Rabbi Shook: Isaac Mayer Wise is spinning in his grave

Rabbi+Mark+Shook

Rabbi Mark Shook

Mark L. Shook, Rabbi Emeritus of Congregation Temple Israel

June 3, 2022, will mark fifty years since I was ordained a rabbi at the Hebrew Union College-Jewish Institute of Religion in Cincinnati, Ohio. Looking at photos taken at the time, I am appalled to realize I was wearing a powder blue polyester suit. In the oppressive summer heat of Cincinnati, I should have made a better sartorial choice.

Newly ordained Rabbi Mark and Carol Shook

There are many reasons to take note of that event now, not the least of which is that the Rabbinical program on the Cincinnati campus may be terminated. If you wish to be ordained from HUC, you are going to have to attend either the New York Campus or the Los Angeles Campus. And so, ends the midwestern ambiance and tone of Reform Judaism.

All that will remain is the American Jewish Archives, and it will only be a matter of time before some generous donor decides he/she really needs to have the Archives closer to Manhattan.

That the college was in Cincinnati in the first place was just a matter of convenience for its founder, Rabbi Isaac Mayer Wise. Who is to say whether HUC might have been based in Albany, New York, had Wise not been unceremoniously pushed out of his Albany congregation? HUC in Cincinnati was on the frontier.

When Wise arrived in Cincinnati, the boundary between slave state and free state straddled the Ohio River. When the college was founded in 1875, the aftershocks of the Civil War were still present in the cultural conversations of the city. The new rabbinical school became the backbone of the network of Reform Jewish congregations in the Midwest and South.
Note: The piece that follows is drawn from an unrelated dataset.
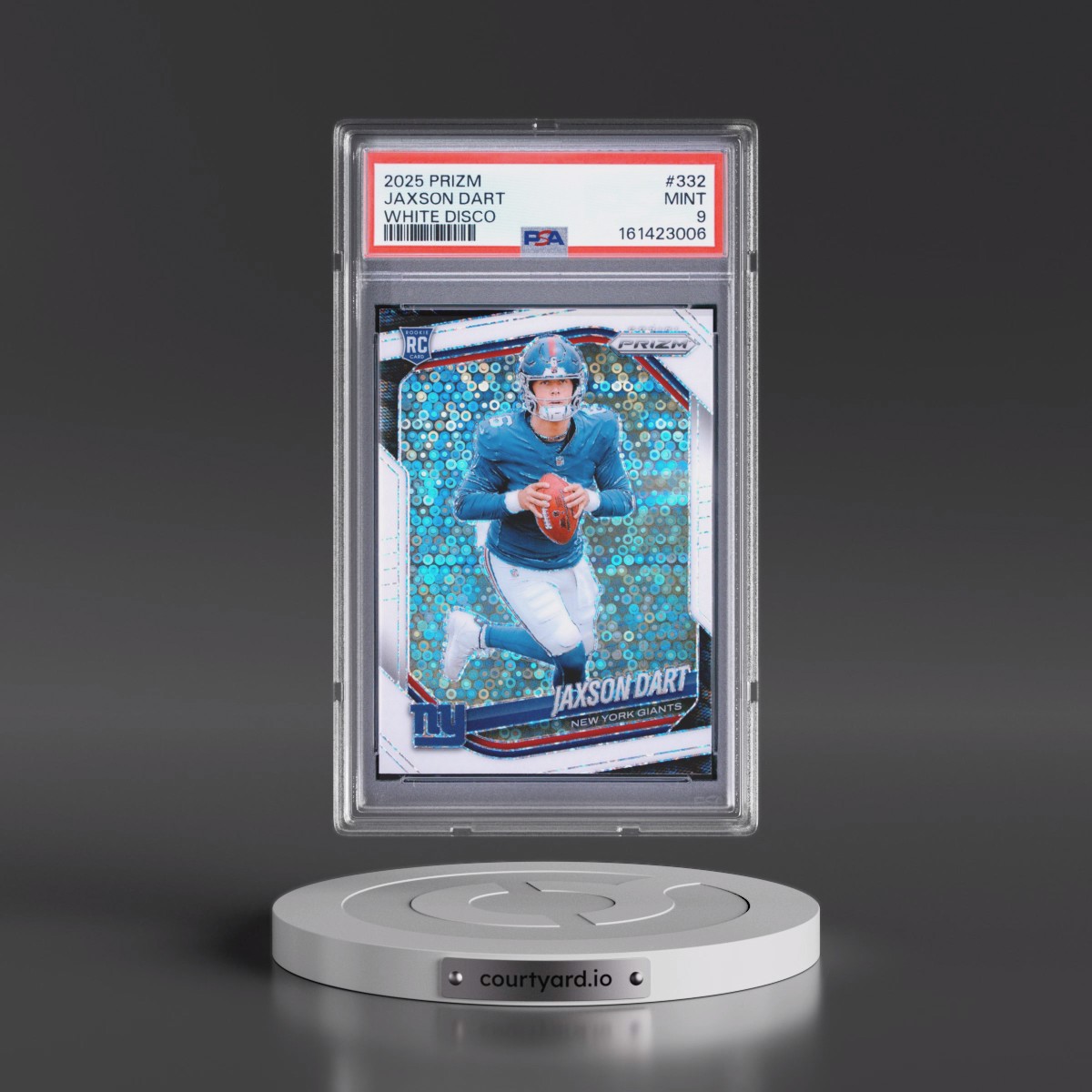 2025 Panini Prizm #332 Jaxson Dart - White Disco (PSA 9 MINT)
Before 1970, nearly every American Reform Rabbi took a turn serving as the student rabbi for some small Southern congregation, on a bi-weekly basis. Student rabbis were often openly cautioned about the impact their liberal civil rights attitudes would have on the lives of their congregants. “Rabbi, just remember, you get to go back to Cincinnati on Sunday. We have to live here the rest of the week.”

American Jewish life has now become concentrated along the East and West coasts. The Reform movement is no exception. Coastal congregations call the shots, set the agendas, and make up the preponderance of membership on Union for Reform Judaism committees, large and small. The daily pace of that life is killer-fast.

Back in the 1980’s, as a rabbi serving a congregation in Atlantic City, NJ, I would often attend rabbi meetings in Manhattan. With each mile my car got me closer to Central Park, I could feel my blood pressure rise. I observed that, in New York, every ordinary problem metastasized into a major Jewish existential dilemma. People under pressure make poor decisions.

Change is necessary. Perhaps ending rabbinic education in Cincinnati is necessary for the health of the college. But I cannot help getting the feeling that something truly worthwhile will be lost without our newest rabbis experiencing a non-coastal perspective on Jewish life.  My time in the Queen City of the West taught me to have a great deal of respect for the strength and courage of Jews in small communities, who cannot take their Judaism for granted. Maybe Rabbi Wise was on to something.